The spread in the ensemble is larger using the TNn index, showing the spread in estimates of the coldest night in the year (Figure 4). Such a relatively large spread in the ensemble is observed for TXx (warmest daily temperature of the year) for grid boxes close to Perugia (Italy) and Brno (Czech Republic) as well (Figure 5). There appears to be slightly more diversity between the 20-member sets than for those in Figure 3. Figure 6 shows the 2.5th (top) and 97.5th (bottom) percentiles for TX90p (percentage of warm day-times) for the grid boxes in the E-OBS dataset nearest to Perugia (Italy) (left) and Brno (Czech Republic) (right).

Similarly to the plots for the coldest nights (Figure 3), the spread is modest.

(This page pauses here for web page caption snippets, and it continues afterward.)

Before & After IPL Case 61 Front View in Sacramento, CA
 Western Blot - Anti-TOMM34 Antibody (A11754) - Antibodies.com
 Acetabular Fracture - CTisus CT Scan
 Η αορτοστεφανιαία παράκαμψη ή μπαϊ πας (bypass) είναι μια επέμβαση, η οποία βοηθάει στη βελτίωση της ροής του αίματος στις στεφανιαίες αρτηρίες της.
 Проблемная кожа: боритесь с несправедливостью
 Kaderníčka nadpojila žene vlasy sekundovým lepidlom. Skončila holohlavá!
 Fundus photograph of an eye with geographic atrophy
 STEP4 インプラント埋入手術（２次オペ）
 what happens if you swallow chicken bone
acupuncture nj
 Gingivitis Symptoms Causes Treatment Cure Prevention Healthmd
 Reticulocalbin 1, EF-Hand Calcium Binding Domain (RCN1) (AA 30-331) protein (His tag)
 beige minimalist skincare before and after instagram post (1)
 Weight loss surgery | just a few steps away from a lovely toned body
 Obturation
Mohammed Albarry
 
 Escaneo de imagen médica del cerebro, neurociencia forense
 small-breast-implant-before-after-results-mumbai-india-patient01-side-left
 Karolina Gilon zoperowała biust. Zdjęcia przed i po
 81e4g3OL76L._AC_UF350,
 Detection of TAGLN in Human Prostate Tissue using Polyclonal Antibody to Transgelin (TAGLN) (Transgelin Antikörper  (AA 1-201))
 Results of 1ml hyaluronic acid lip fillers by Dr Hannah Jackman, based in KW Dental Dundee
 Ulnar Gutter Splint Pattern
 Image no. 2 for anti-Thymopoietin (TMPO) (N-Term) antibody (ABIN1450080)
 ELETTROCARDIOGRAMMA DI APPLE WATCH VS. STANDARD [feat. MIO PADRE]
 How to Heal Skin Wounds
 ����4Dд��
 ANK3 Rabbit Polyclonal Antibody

The Warm Spell Duration Index (and the Cold Spell Duration Index - not shown), as shown in Figure 7, has more spread. There are, as is to be expected, quite a few years having no warm or cold spells.

Figure 4: The 2.5th (a & b) and 97.5th (c & d) percentiles for the spread in annual TNn (minimum of the daily minimum temperature - coldest night) for the grid boxes in the E-OBS dataset nearest to Munich (Germany) (a & c) and Kiev (Ukraine) (b & d). The colour coding relates to the use of five different subsets of 20 members from the 100-member E-OBS ensemble.

Figure 5: The 2.5th (a & b) and 97.5th (b & d) percentiles for the spread in annual TXx (maximum of the daily maximum temperature - warmest day-time) for the grid boxes in the E-OBS dataset nearest to Perugia (Italy) (a & c) and Brno (Czech Republic) (b & d). The colour coding relates to the use of five different subsets of 20 members from the 100-member E-OBS ensemble.

Figure 6: The 2.5th (a & b) and 97.5th (c & d) percentiles for the spread in annual TX90p (percentage of warm day-times) for the grid boxes in the E-OBS dataset nearest to Perugia (Italy) (a & c) and Brno (Czech Republic) (b & d). The colour coding relates to the use of five different subsets of 20 members from the 100-member E-OBS ensemble.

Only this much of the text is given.